Monday, March 9, 2015
Modern Warfare on Ut Records
I appreciate the hardcore/punk bands that released tiny vinyl in the lean almost extinct years of the late '90s and early 2000's for the seven inch. Between them and weirdo indie label home recordings, they literally kept the format alive. You could only get a lot of that stuff on a tiny record. That being said before the internet (and not to mention I was five) I still missed 99% of the stuff including this single from Long Beach California's Modern Warfare. I talked about an earlier recording of theirs, The Moderns also from Ut Records and this carries out those early ideas with even more skill and direction. An overlooked early post punk document.
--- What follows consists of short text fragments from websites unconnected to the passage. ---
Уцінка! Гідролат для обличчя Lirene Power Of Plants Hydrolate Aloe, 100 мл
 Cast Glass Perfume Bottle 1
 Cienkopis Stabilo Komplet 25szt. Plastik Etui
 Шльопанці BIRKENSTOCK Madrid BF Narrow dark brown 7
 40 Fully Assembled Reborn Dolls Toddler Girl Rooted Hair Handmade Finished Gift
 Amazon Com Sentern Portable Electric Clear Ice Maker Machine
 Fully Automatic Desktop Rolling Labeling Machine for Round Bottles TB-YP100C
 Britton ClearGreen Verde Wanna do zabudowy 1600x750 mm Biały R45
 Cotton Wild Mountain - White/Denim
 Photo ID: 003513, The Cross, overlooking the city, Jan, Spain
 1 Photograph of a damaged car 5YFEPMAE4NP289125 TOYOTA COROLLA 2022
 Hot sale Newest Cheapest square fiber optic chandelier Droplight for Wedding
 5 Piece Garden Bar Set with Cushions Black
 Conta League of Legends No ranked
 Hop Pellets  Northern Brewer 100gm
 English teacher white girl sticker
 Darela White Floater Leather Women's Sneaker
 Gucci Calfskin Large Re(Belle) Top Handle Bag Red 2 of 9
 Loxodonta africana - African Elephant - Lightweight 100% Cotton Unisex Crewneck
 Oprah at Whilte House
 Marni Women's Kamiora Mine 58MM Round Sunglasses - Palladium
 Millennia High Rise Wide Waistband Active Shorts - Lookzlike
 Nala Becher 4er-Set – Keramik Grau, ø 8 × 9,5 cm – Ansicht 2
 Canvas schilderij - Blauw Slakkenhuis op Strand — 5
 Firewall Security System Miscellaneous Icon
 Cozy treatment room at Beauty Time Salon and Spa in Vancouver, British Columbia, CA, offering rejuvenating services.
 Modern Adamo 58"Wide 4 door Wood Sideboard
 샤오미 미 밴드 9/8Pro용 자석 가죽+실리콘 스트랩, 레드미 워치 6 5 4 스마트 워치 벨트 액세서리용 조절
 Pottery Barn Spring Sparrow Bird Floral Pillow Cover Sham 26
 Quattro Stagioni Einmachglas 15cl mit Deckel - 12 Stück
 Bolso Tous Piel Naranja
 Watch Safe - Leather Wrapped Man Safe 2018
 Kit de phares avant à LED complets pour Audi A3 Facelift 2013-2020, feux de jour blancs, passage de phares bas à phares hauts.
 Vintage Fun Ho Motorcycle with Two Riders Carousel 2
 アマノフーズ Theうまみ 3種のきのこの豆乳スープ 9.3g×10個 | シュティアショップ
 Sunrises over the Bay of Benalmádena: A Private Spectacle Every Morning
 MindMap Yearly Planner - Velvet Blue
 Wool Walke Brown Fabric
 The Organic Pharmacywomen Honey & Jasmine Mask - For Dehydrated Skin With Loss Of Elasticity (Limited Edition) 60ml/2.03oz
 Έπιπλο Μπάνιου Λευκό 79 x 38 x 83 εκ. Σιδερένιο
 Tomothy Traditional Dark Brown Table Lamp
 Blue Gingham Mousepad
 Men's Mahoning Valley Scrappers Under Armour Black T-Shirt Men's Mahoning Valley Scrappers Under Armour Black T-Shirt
A-Side's "Dayglo" opens with bursts of warm guitars under a layer of fuzzy distortion when all of a sudden an alternate heavier high jangle plays in an off kilter rhythm opposite that main riff in a Gang of Four style chunky block. It's blasts of muted strums and the two melodies play off each other in a call and response messed up delay feel that dizzyingly pans between speakers. They have a stilted, manic energy like this era's Devo, it's serious and technical but there's something a little goofy about the vocal delivery. Not that the instrumentation isn't extremely serious. It's as calculating and fast in this dawn of electronics taking over everything. "Shadows" comes up with an impossibly fast jangle melodic loop that could be an early contender in tracing the hardcore strain that came out of this part of the country. As fast as a Wire song and with the same unbelievable catchiness they sweep through changes like clockwork. The layers of high bent distortions that stab into this are reminding me of those similar jabs from Jay Reatard, when you can layer distortions together to end up in synth waves.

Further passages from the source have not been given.